Further, even though NB has stated in at least one other essay that he doesn't care whether Hollywood ever does a Wonder Woman film, given that it won't be true to Marston, he seems to care to a ridiculous extent that Wonder Woman isn't the center of attention in a film where she's the equivalent of a guest-star.
The perspective, though, is inevitably wrong way round. Wonder Woman, the original comic, started out after all with Steve Trevor invading Paradise Island, and even in Man’s World, Diana was surrounded by sorority girls and fellow Amazons, so that Steve was always the lone dude in a female community.
Gee, could that maybe be because the name of the feature wasn't WONDER WOMAN? The idea that BATMAN VS. SUPERMAN is getting things wrong because it doesn't follow the plot-line of the story that introduces Wonder Woman is hilariously insane. But although a couple of respondents challenge NB on other matters (to which he responds with his usual "polysemy" bushwah), no one thinks it odd that he should be imposing the Marston narrative on this film-- which, going by the other essay I mentioned, he ought to consider nugatory in any event.

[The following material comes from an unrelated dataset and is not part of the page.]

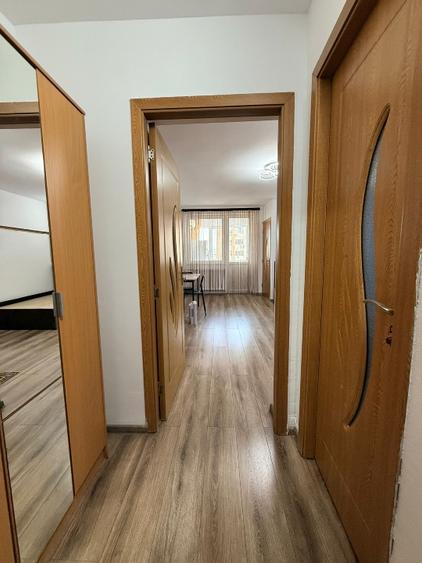 Ofer spre închiriere garsonieră zona Dunărea  - 8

NB also quarrels with the film giving WW a sword because "the sword's a phallic symbol designed to hit people," as opposed to using the lasso to enforce "erotic love leadership." I sometimes wonder if NB's ideal version of the Amazon Princess isn't really the one from the old SUPER FRIENDS cartoon. That was the only time I've ever seen WW doing nothing but grabbing villains with her lasso alone. The Marston Wonder Woman didn't usually employ a sword, but she didn't need to, because most of those stories involve Diana beating the crap out of villains with her fists. It's not as easy to claim phallocentrism when a heroine uses her fists rather than a sword, but it's ludicrous to assert that the heroine restrains her foes with "love leadership" when in fact she's simply hitting people, and THEN sending them off to get lessons in "loving submission" on Brainwash Island, or whatever it was called.
The fact that WW subdues her enemies with violence also doesn't make her much of a spokesperson for a non-violent matriarchy. But if NB thinks that it does, then that too is covered by "polysemy"-- as opposed, that is, to old-fashioned sloppy thinking.